Whether you're parked in the restaurant or lounge, you can order dessert, and the strawberry shortcake is a throwback to Bisquick childhoods (and I say that only in a nostalgically delicious way) but topped with chopped fresh strawberries instead of the plastic-bagfuls of sugar-sweetened frozen stuff from the supermarket. Also worth ordering is Sayada's personal twist on tiramisu.
The Bistro's limited-edition Steinway grand has been replaced with a player piano that emits Sinatra tunes, and supposedly the sound system is such that it won't compete with the karaoke. The songbook is decent: It includes David Bowie's "Life on Mars" and The Jam's "A Town Called Malice." Puts a smile on my face.
RESTAURANT NEWS
• Closed: Flamingo Kapiolani turned off its neon sign for good Sunday. We shall miss the vinyl booths and hamburger steak.
• Special menus: Hiroshi Eurasion Tapas in Restaurant Row celebrates its fourth anniversary today through Tuesday with a special "Island grown" tasting menu. You get Big Island abalone Casino with bacon-tomato ragout served on ogo namasu, Kona cold lobster tail cooked sous vide with squid ink pasta (it's addictive), crispy moi with black bean sauce, braised Maui Cattle short rib with mashed kabocha and sweet potato, and panna cotta with Kula strawberries for $36.50 per person. Then chef Hiroshi Fukui concocts nine new dishes for his next Contemporary Kaiseki dinner Nov. 10. Call 533-4476 to reserve. Alan Wong's next Farmers Series Dinner is set for Nov. 12 and features products from Hamakua Heritage Farms, Hana Herbs and Flowers, and Hamakua Springs Country Farms. $75; $105 with wine. Call 949-2526 to reserve.

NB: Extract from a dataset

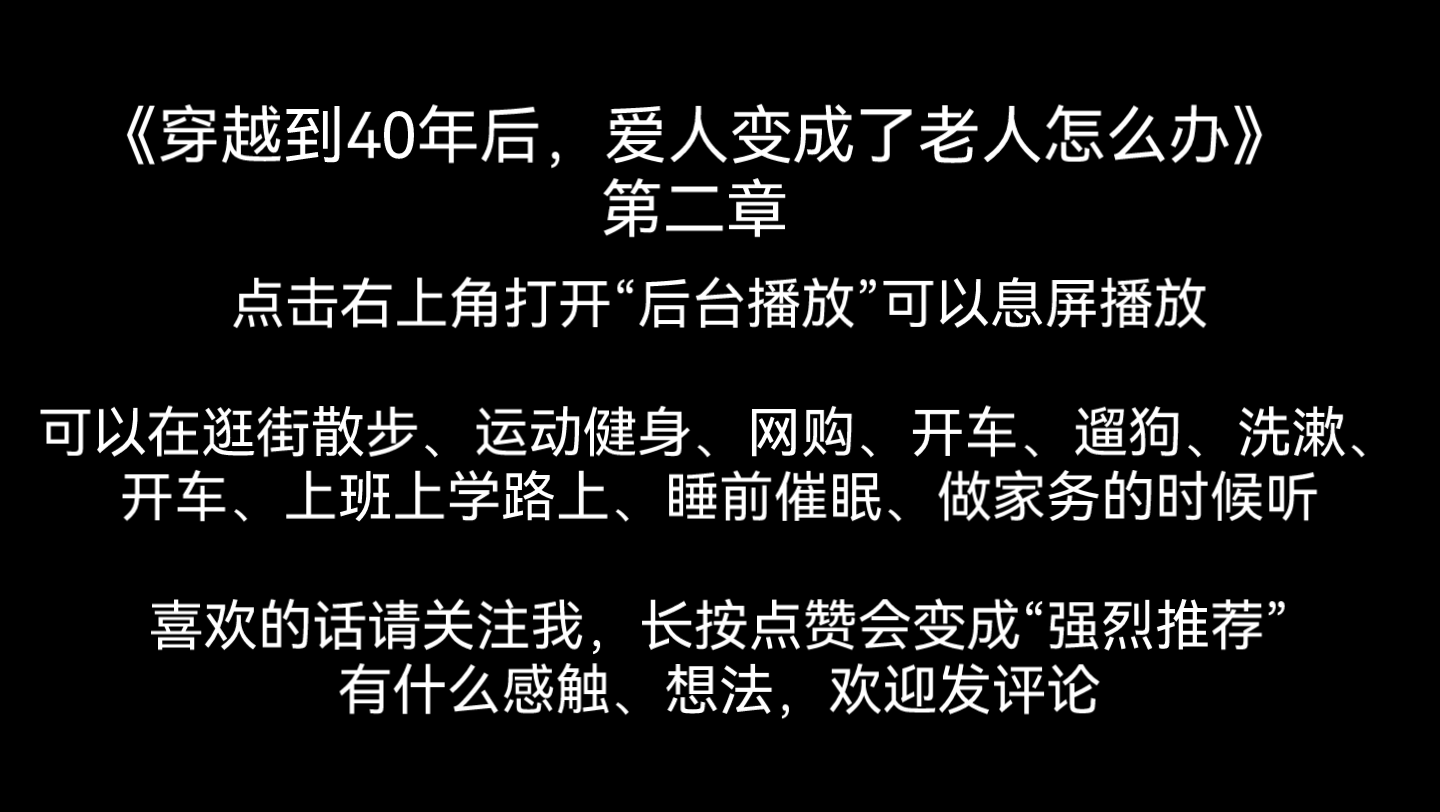 [图]网文《穿越到40年后，爱人变成老头怎么办》第二章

• Recession dining: Feed your Korean food craving for a song at tiny, no-frills Bok Chang Dong Soon Do Bu (1518 Makaloa St., across from Walgreen's, 953-2299, 10:30 a.m.-10 p.m. daily). Owner Joyce Kim says she was the first person to serve the rich red stew, soon do bu, in Honolulu. The kitchen turns out food that's as close to MSG-free home cooking as you can get without having a Korean mom — choose from dishes such as dhegi bul go ki (shreds of pork belly marinated in a spicy sauce) and oh jing obok cuon (panfried cuttlefish with veggies). Menu prices are $6.95 to $14.95.
Lesa Griffith reviews restaurants once a month.